The highest oxygen reaction rates were observed in the experiments conducted at 470 °C sand-bath temperature. Between the reaction start at around 300 °C and before the critical point of water (374 °C) is reached, fast oxidation reactions occur in the two-phase system, indicated by the high TOC conversion rates. In this region, the calculated oxygen mass-transfer rate is higher than the oxygen reaction rate (Figure ). Below ca. 280 °C, the oxygen mass-transfer rate is smaller than the measured rate of oxygen consumption. Because at these temperatures almost no conversion of TOC takes place, the influence of oxygen transport on the kinetic parameters is minimal.

Figure 7

Oxygen reaction rate (measured rate of disappearance) and calculated maximal oxygen mass-transfer rate versus reaction time (Tsand = 470 °C, and standard reaction conditions). The upper abscissa shows the corresponding reactor temperature.

Conclusion

TOC contained in fecal sludge is decomposed to CO2 and CO as within minutes in supercritical water in the presence of stoichiometric amounts of oxygen at temperatures below 480 °C. CO is suggested to be formed by decarbonylation of organic compounds, such as acetaldehyde or formic acid, independent from CO2. The reaction temperature and oxygen-to-fuel equivalence ratio affect the decomposition rate of TOC most. Dilution of fecal sludge has no significant effect on the conversion. Formation of coke and tar observed under certain reaction conditions is avoided by adjusting the reaction conditions (amount of water in the reactor and initial air pressure). A limitation of the measured reaction rates by oxygen mass transfer is ruled out.

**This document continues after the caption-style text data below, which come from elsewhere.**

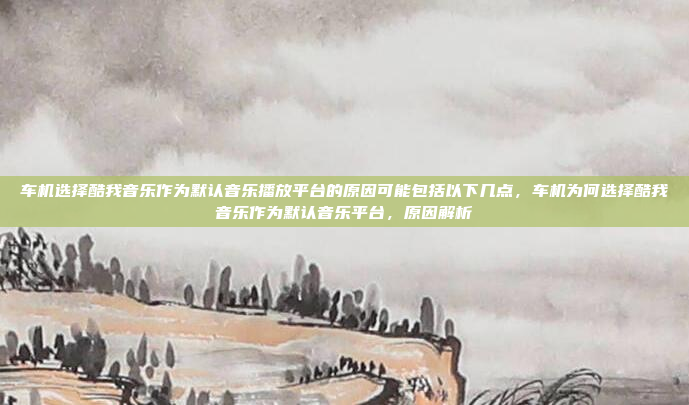 车机选择酷我音乐作为默认音乐播放平台的原因可能包括以下几点,车机为何选择酷我音乐作为默认音乐平台,原因解析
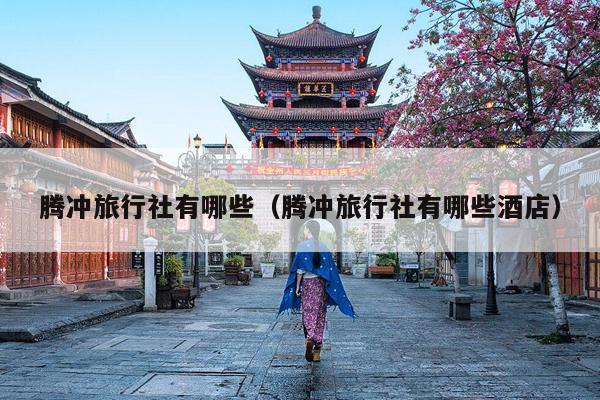 腾冲旅行社有哪些（腾冲旅行社有哪些酒店）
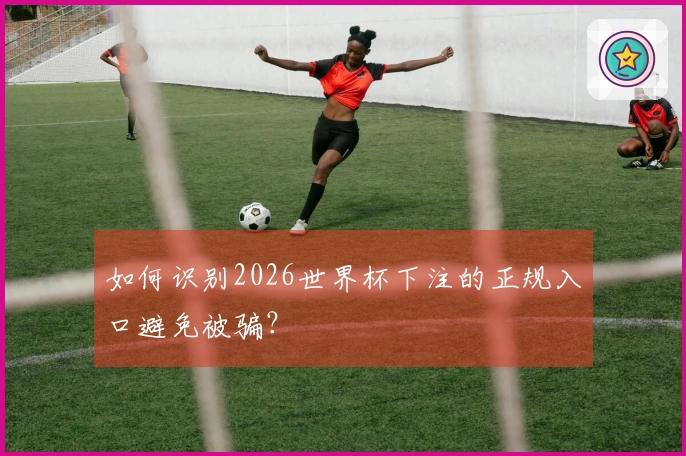 如何识别2026世界杯下注的正规入口避免被骗？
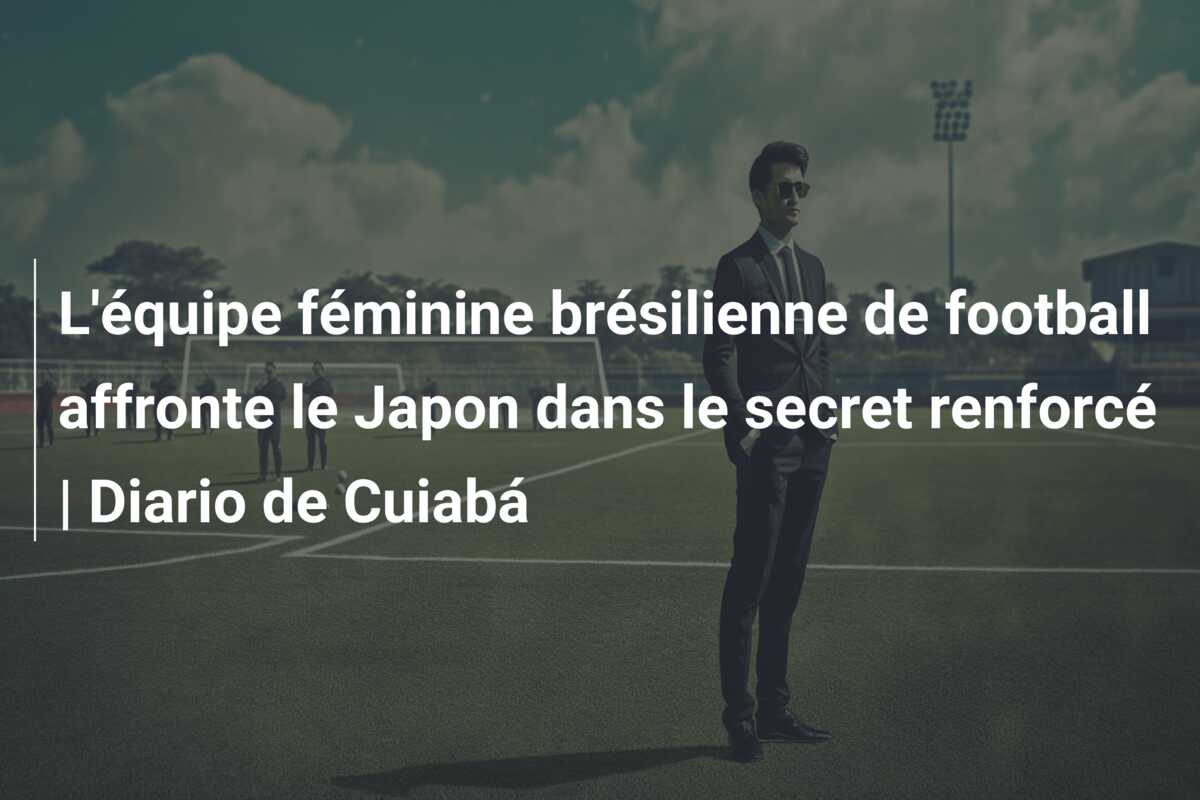 L’équipe féminine brésilienne de football affronte le Japon dans le secret renforcé | Diario de Cuiabá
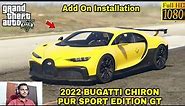 GTA 5 : HOW TO INSTALL 2022 BUGATTI CHIRON PUR SPORT EDITION GP CAR MOD🔥🔥🔥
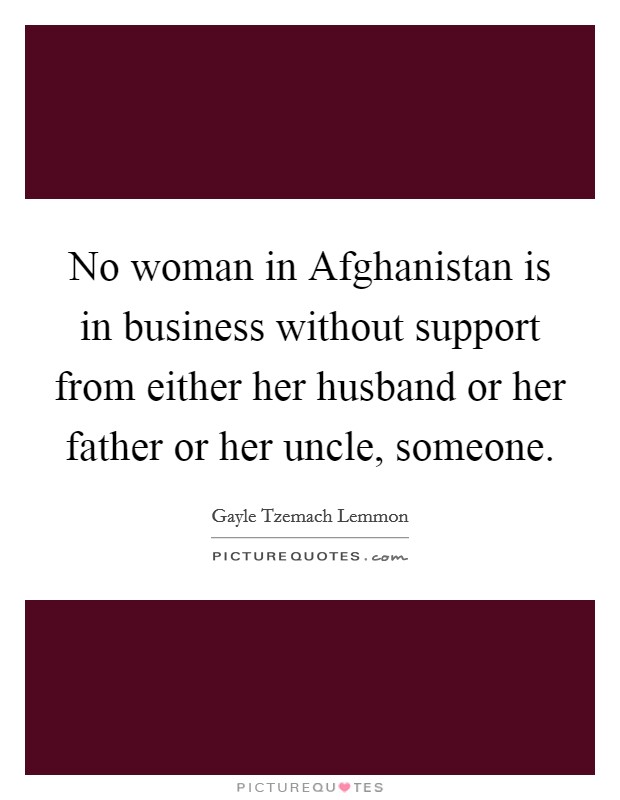 No woman in Afghanistan is in business without support from either her husband or her father or her uncle, someone. Picture Quote #1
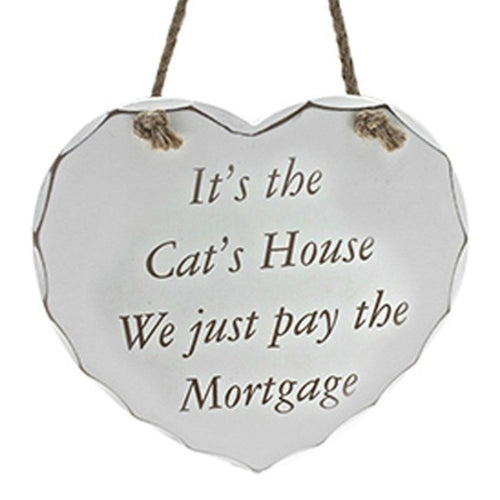 Leonardo white "Its the Cat's House, We just pay the mortgage" hanging plaque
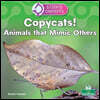 Copycats! Animals That Mimic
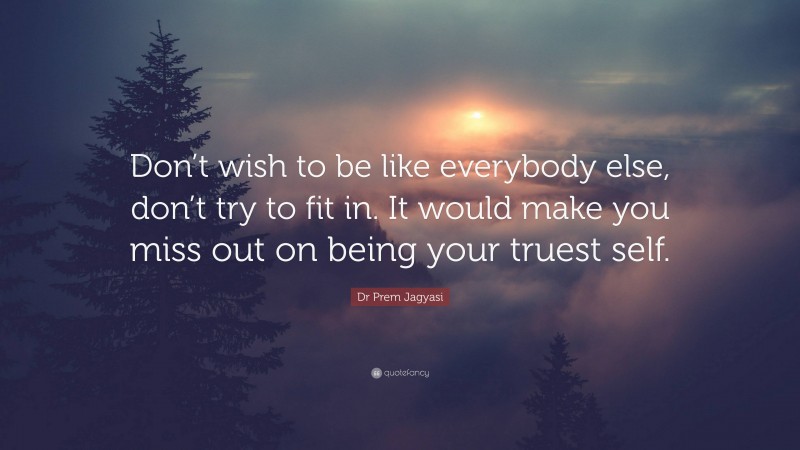 Dr Prem Jagyasi Quote: “Don’t wish to be like everybody else, don’t try to fit in. It would make you miss out on being your truest self.”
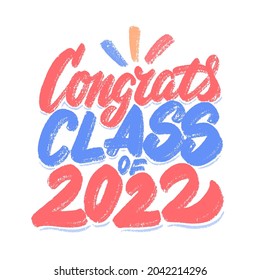 Congrats Class of 2022. Congratulations vector handwritten lettering sign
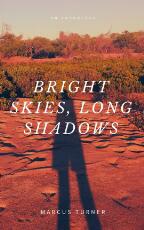 Thumbnail - Bright Skies, Long Shadows an anthology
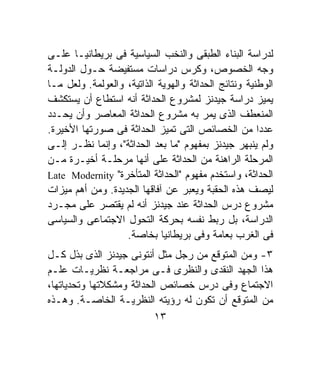 ‫ﻟﺩﺭﺍﺴﺔ ﺍﻟﺒﻨﺎﺀ ﺍﻟﻁﺒﻘﻰ ﻭﺍﻟﻨﺨﺏ ﺍﻟﺴﻴﺎﺴﻴﺔ ﻓﻰ ﺒﺭﻴﻁﺎﻨﻴـﺎ ﻋﻠـﻰ‬
‫ﻭﺠﻪ ﺍﻟﺨﺼﻭﺹ، ﻭﻜﺭﺱ ﺩﺭﺍﺴﺎﺕ ﻤﺴﺘﻔﻴﻀﺔ ﺤـﻭل ﺍﻟﺩﻭﻟـﺔ‬
‫ﺍﻟﻭﻁﻨﻴﺔ ﻭﻨﺘﺎﺌﺞ ﺍﻟﺤﺩﺍﺜﺔ ﻭﺍﻟﻬﻭﻴﺔ ﺍﻟﺫﺍﺘﻴﺔ، ﻭﺍﻟﻌﻭﻟﻤﺔ. ﻭﻟﻌل ﻤـﺎ‬
‫ﻴﻤﻴﺯ ﺩﺭﺍﺴﺔ ﺠﻴﺩﻨﺯ ﻟﻤﺸﺭﻭﻉ ﺍﻟﺤﺩﺍﺜﺔ ﺃﻨﻪ ﺍﺴﺘﻁﺎﻉ ﺃﻥ ﻴﺴﺘﻜﺸﻑ‬
‫ﺍﻟﻤﻨﻌﻁﻑ ﺍﻟﺫﻯ ﻴﻤﺭ ﺒﻪ ﻤﺸﺭﻭﻉ ﺍﻟﺤﺩﺍﺜﺔ ﺍﻟﻤﻌﺎﺼﺭ ﻭﺃﻥ ﻴﺤـﺩﺩ‬
‫ﻋﺩﺩﺍ ﻤﻥ ﺍﻟﺨﺼﺎﺌﺹ ﺍﻟﺘﻰ ﺘﻤﻴﺯ ﺍﻟﺤﺩﺍﺜﺔ ﻓﻰ ﺼﻭﺭﺘﻬﺎ ﺍﻷﺨﻴﺭﺓ.‬   ‫ﹰ‬
‫ﻭﻟﻡ ﻴﻨﺒﻬﺭ ﺠﻴﺩﻨﺯ ﺒﻤﻔﻬﻭﻡ "ﻤﺎ ﺒﻌﺩ ﺍﻟﺤﺩﺍﺜﺔ"، ﻭﺇﻨﻤﺎ ﻨﻅـﺭ ﺇﻟـﻰ‬
‫ﺍﻟﻤﺭﺤﻠﺔ ﺍﻟﺭﺍﻫﻨﺔ ﻤﻥ ﺍﻟﺤﺩﺍﺜﺔ ﻋﻠﻰ ﺃﻨﻬﺎ ﻤﺭﺤﻠـﺔ ﺃﺨﻴـﺭﺓ ﻤـﻥ‬
‫ﺍﻟﺤﺩﺍﺜﺔ، ﻭﺍﺴﺘﺨﺩﻡ ﻤﻔﻬﻭﻡ "ﺍﻟﺤﺩﺍﺜﺔ ﺍﻟﻤﺘﺄﺨﺭﺓ" ‪Late Modernity‬‬
‫ﻟﻴﺼﻑ ﻫﺫﻩ ﺍﻟﺤﻘﺒﺔ ﻭﻴﻌﺒﺭ ﻋﻥ ﺁﻓﺎﻗﻬﺎ ﺍﻟﺠﺩﻴﺩﺓ. ﻭﻤﻥ ﺃﻫﻡ ﻤﻴﺯﺍﺕ‬
‫ﻤﺸﺭﻭﻉ ﺩﺭﺱ ﺍﻟﺤﺩﺍﺜﺔ ﻋﻨﺩ ﺠﻴﺩﻨﺯ ﺃﻨﻪ ﻟﻡ ﻴﻘﺘﺼﺭ ﻋﻠﻰ ﻤﺠـﺭﺩ‬
‫ﺍﻟﺩﺭﺍﺴﺔ، ﺒل ﺭﺒﻁ ﻨﻔﺴﻪ ﺒﺤﺭﻜﺔ ﺍﻟﺘﺤﻭل ﺍﻻﺠﺘﻤﺎﻋﻰ ﻭﺍﻟﺴﻴﺎﺴﻰ‬
                   ‫ﻓﻰ ﺍﻟﻐﺭﺏ ﺒﻌﺎﻤﺔ ﻭﻓﻰ ﺒﺭﻴﻁﺎﻨﻴﺎ ﺒﺨﺎﺼﺔ.‬
‫٣- ﻭﻤﻥ ﺍﻟﻤﺘﻭﻗﻊ ﻤﻥ ﺭﺠل ﻤﺜل ﺃﻨﺘﻭﻨﻰ ﺠﻴﺩﻨﺯ ﺍﻟﺫﻯ ﺒﺫل ﻜـل‬
‫ﻫﺫﺍ ﺍﻟﺠﻬﺩ ﺍﻟﻨﻘﺩﻯ ﻭﺍﻟﻨﻅﺭﻯ ﻓـﻰ ﻤﺭﺍﺠﻌـﺔ ﻨﻅﺭﻴـﺎﺕ ﻋﻠـﻡ‬
‫ﺍﻻﺠﺘﻤﺎﻉ ﻭﻓﻰ ﺩﺭﺱ ﺨﺼﺎﺌﺹ ﺍﻟﺤﺩﺍﺜﺔ ﻭﻤﺸﻜﻼﺘﻬﺎ ﻭﺘﺤﺩﻴﺎﺘﻬﺎ،‬
‫ﻤﻥ ﺍﻟﻤﺘﻭﻗﻊ ﺃﻥ ﺘﻜﻭﻥ ﻟﻪ ﺭﺅﻴﺘﻪ ﺍﻟﻨﻅﺭﻴـﺔ ﺍﻟﺨﺎﺼـﺔ. ﻭﻫـﺫﻩ‬
                          ‫٣١‬
 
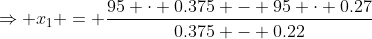 \Rightarrow x_1 = \frac{95 \cdot 0.375 - 95 \cdot 0.27}{0.375 - 0.22}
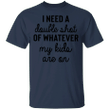 I Need A Double Shot Whatever My Kids Are On Shirt Funny Saying Mom Dad Shirt Gift For Wife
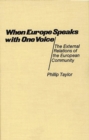 When Europe Speaks with One Voice : The External Relations of the European Community - Book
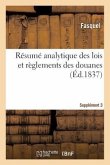 Résumé Analytique Des Lois Et Règlements Des Douanes. Supplément 3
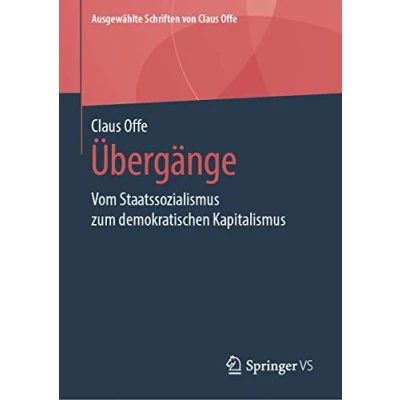 Abbildung von Übergänge: Vom Staatssozialismus zum demokratischen Kapitalismus (Ausgewählte Schriften von Claus Offe, 6, Band 6)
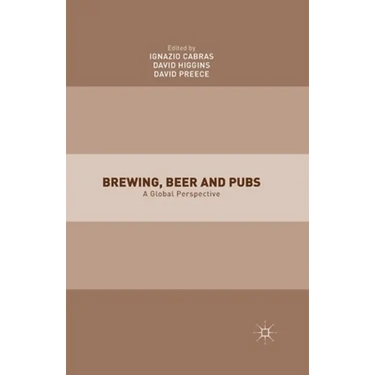 Brewing, Beer and Pubs: A Global Perspective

The proposed reaction models II–IV are able to accurately model the TOC decomposition indicated by CO and CO2 evolution with a reasonable level of model complexity. Neglecting CO formation (model I) is an oversimplification that is only acceptable for high temperatures and long reaction times. The use of the DAEM approach increases the model complexity and number of adjustable parameters. The prediction accuracy is not increased significantly for the range of conversions studied because the breadth of reactivities in fecal sludge is small.

A further improvement of the model’s ability to predict a wider range of operating conditions should include experimental data at higher temperatures (>470 °C) and higher oxygen-to-fuel equivalence ratios (>1.9). The influence of the latter should be analyzed in more detail, and the rate expressions should be extended to include a term for λ or nO. Validation of the model predictions with different fecal sludges would also extend the applicability of this work.